IGU President, Madam Li Yalan stressed:
The energy crisis reminded the world that only when energy is affordable and secure can it become truly sustainable. So many developing countries in AsiaAfrica, and South America, will continue to need more gas to fuel the economy, to reduce air pollution and emissions. It is clear, to build sustainable and affordable energy systems for all, gas investments are urgently needed alongside more renewables.

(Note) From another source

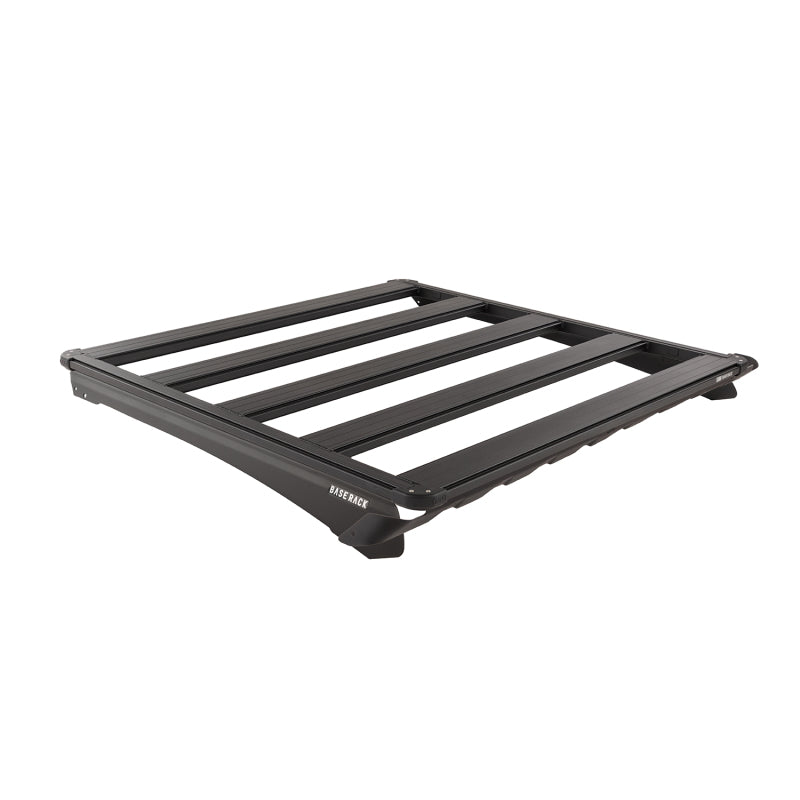 ARB BASE Rack Kit 49 x 51 in. with Mount Kit and Deflector, fits Toyota FJ Cruiser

LNG has been critical to navigate through the crisis, offsetting the shortage and keeping the lights on in Europe, yet global supply shortage and exceptionally high prices left some countries in Asia in the dark. In 2022, Europe’s LNG imports surged by 69% to reach 169 bcm, amidst a tightly supplied global market. To restore the global LNG security of supply, the current shortfall needs addressing. Despite recent optimism, the investment growth is occurring on the back of a prolonged low-investment period, and the total level and off-take agreements are still short to produce sufficient supply.  In the period between 2014 and 2020, gas supply development investments dropped by 58%, and only started to marginally recover in 2021.

Analysis of future potential trajectories of global gas market fundamentals towards 2030 illustrates that continued investments in natural gas value chain are needed to cope with global demand and likely growth in some regions.   International energy outlooks project a wide range of scenarios for the supply and demand of gas to 2030 and beyond. The most aggressive 1.5-degree decarbonisation scenarios project reduced global energy demand with high rates of technology and behavioural change and are subject to extremely high uncertainty, especially in the short to medium term. The current pipeline of natural gas and low carbon gases projects will not satisfy many of the possible demand outlooks.  Without further investment, the current existing and approved gas production level is expected to reach roughly 4,100 bcm in 2023, declining to 3,100 bcm in 2030 and further to just under 1,000 bcm in 2050, due to asset maturation and natural decline.  At the end of 2022, the global supply capacity of low carbon hydrogen stood at 3.2 million tonnes per annum and biomethane stood close to 7 bcm, which is orders of magnitude lower than most 2030 targets.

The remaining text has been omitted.